INSTRUCTIONS FOR THE TASK: What you return must match the data below exactly, minus any pictures.
□ □ □ □ □
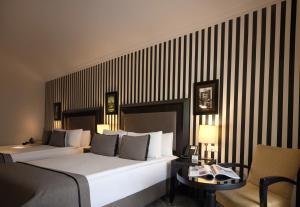 伊斯坦布尔塔克西姆阿旺嘉德酒店的酒店客房带一张床、一张桌子和椅子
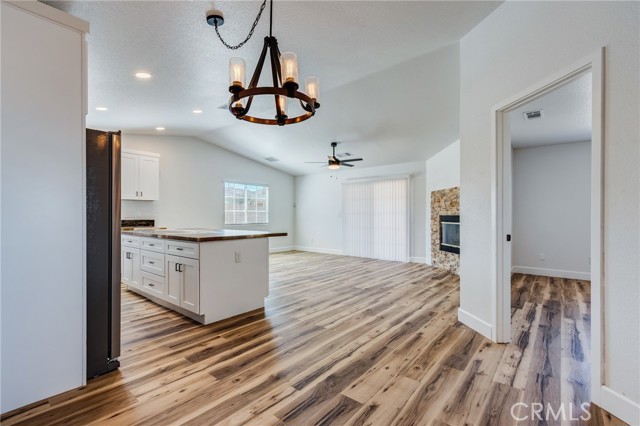 6548 Quail Spring Avenue, 29 Palms CA: https://media.crmls.org/medias/9c47a8e2-10e5-4690-bdc7-d4bf7d9d597b.jpg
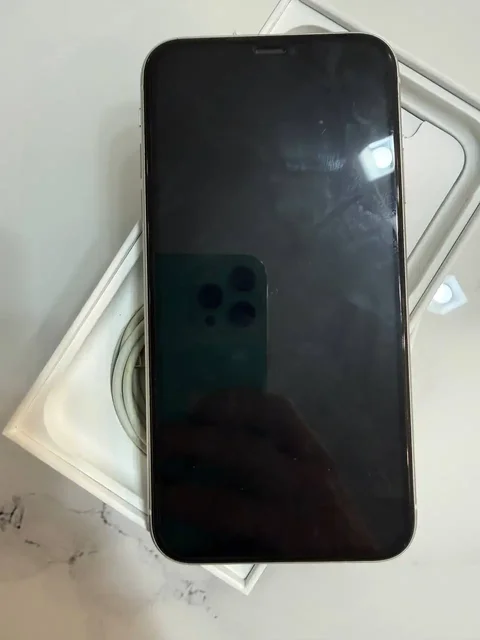 iPhone 11 128гб в отличном состоянии - Мониторы в Чебоксары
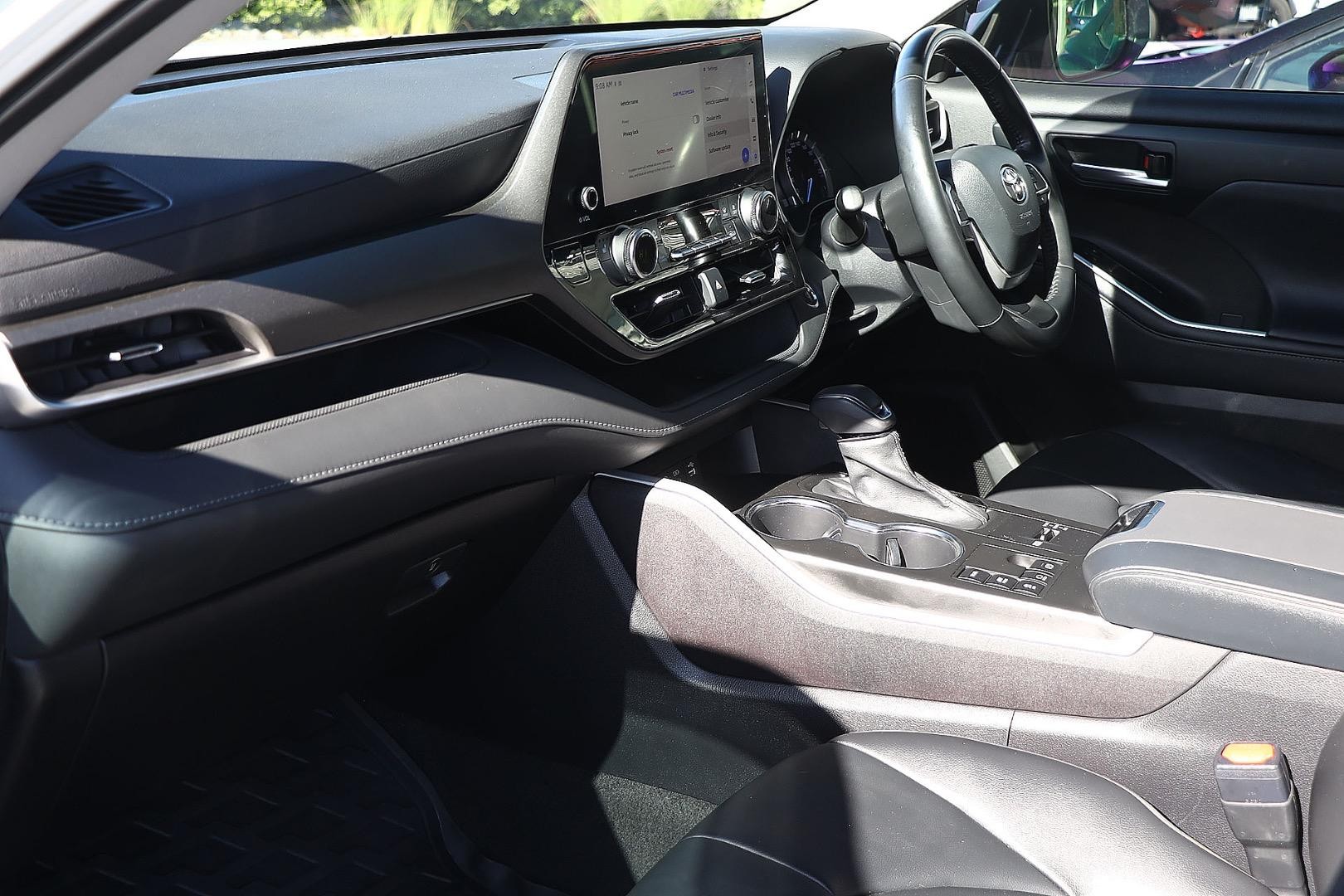 Toyota Kluger image 2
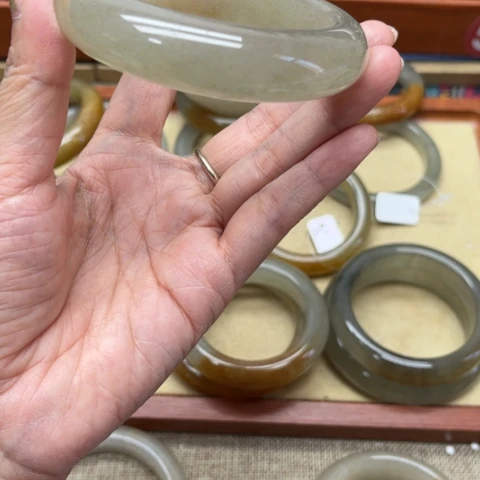石英质玉手镯未镶嵌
□ □ □ □ □
FINAL ANSWER:
 伊斯坦布尔塔克西姆阿旺嘉德酒店的酒店客房带一张床、一张桌子和椅子
 6548 Quail Spring Avenue, 29 Palms CA: https://media.crmls.org/medias/9c47a8e2-10e5-4690-bdc7-d4bf7d9d597b.jpg
 iPhone 11 128гб в отличном состоянии - Мониторы в Чебоксары
 Toyota Kluger image 2
石英质玉手镯未镶嵌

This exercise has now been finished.